O otimismo está centrado na retomada dos leilões de blocos de exploração pela Agência Nacional de Petróleo (ANP) neste ano, com três rodadas de licitações – Norte Nordeste (já realizada), campo de Libra (em 21 de outubro) e Gás Natural (240 blocos terrestres em novembro).
As rodadas são importantes porque atraem recursos bilionários das petroleiras. Por exemplo, quem levar Libra pagará R$ 15 bilhões de bônus à ANP para usufruir de uma reserva de até 10 bilhões de barris certificados(o País tem hoje reserva total de 14 bilhões).
Além disso, a indústria de equipamentos, com forte presença em São Paulo, volta a investir em fábricas e pesquisas de inovação para atender as encomendas das petroleiras.
Entretanto, as feiras de petróleo e gás são um importante termômetro do setor. Elas são uma oportunidade para fornecedores e compradores se conhecerem e empregadores arregimentar em mão de obra capacitada – a falta de qualificação do brasileiro é um grande gargalo para essas empresas.
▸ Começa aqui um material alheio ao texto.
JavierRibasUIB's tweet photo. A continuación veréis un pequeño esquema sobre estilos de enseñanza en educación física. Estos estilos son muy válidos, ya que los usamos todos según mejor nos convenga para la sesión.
“Há uma perspectiva clara de aumento de demanda generalizada por bens e serviços nos próximos anos”, afirma o superintendente da Organização Nacional da Indústria do Petróleo (Onip), Alfredo Renault, durante lançamento da Santos Offshore. A feira será realizada no Mendes Convention Center de 8 a 11 de abril.
A Onip e o Instituto Brasileiro de Petróleo (IBP) são entidades que se consolidaram no Rio de Janeiro a partir da exploração da Bacia de Campos. Porém, acreditam que a produção da Bacia de Santos finalmente vai deslanchar. “A região caminha para se tornar a maior produtora brasileira nas próximas décadas”, afirma Evandro Pires, do IBP.
SANTOS OFFSHORE
OIBP, que é presidido por Graça Foster, da Petrobras, e tem, entre seus conselheiros e diretores, representantes da BG, Statoil, Shell, Chevron e Ultragaz, pela primeira vez participará da organização da Santos Offshore. A feira pertence à Reed Exhibition Alcântara Machado, mas é o IBP, dono do maior evento do setor no País, a Rio Oil & Gas, que cuidará das conferências técnicas. Já a Onip administrará uma das rodadas de negócios, aproximando pequenos e grandes fornecedores da cadeia de petróleo.
Responsável pelas feiras de Energia da Reed, Igor Tavares está otimista com a Santos Offshore.Ele espera 200 expositores e 18 mil visitantes, um aumento, respectivamente, de 74% e 50% sobre a edição de 2012.“A produção em maior escala do pré-sal começa mesmo em 2014”, prevê ele, acreditando que isso vai turbinar a atração de expositores para a feira.
Petróleo & Gás
❚❚❚ A rodada de negócios da Organização Nacional da Indústria de Petróleo (Onip) na Santos Offshore em abril será a primeira oportunidades para pequenos e médios empresários da região conhecerem os grandes fornecedores da Petrobras que já estão no Rio de Janeiro.
O superintendente da Onip, Alfredo Renault, promete trazer petroleiras, estaleirose prestadores deserviços, como empresas de perfuração de poços. Segundo ele, as reuniões serão uma oportunidade para os empresários entenderem como o setor de petróleo funciona.
“O setor de petróleo e gás é exigente em qualificação, em gestão e em tecnologia”, diz Renault. “É preciso haver uma parceria com o Sebrae para atrair o pequeno e médio empresário da região litorânea de São Paulo”. O Sebrae e o Fiesp/ Ciesp realizarão rodadas simultâneas.
O gerente-geral da Unidade de Operações da Bacia de Santos da Petrobras, Oswaldo Kawakami, lembra que a estatal vai implantar mais 22 plataformas só na Bacia de Santos. “Cada plataforma usa 35 mil itens para poder operar”, indicando que as oportunidades serão crescentes”.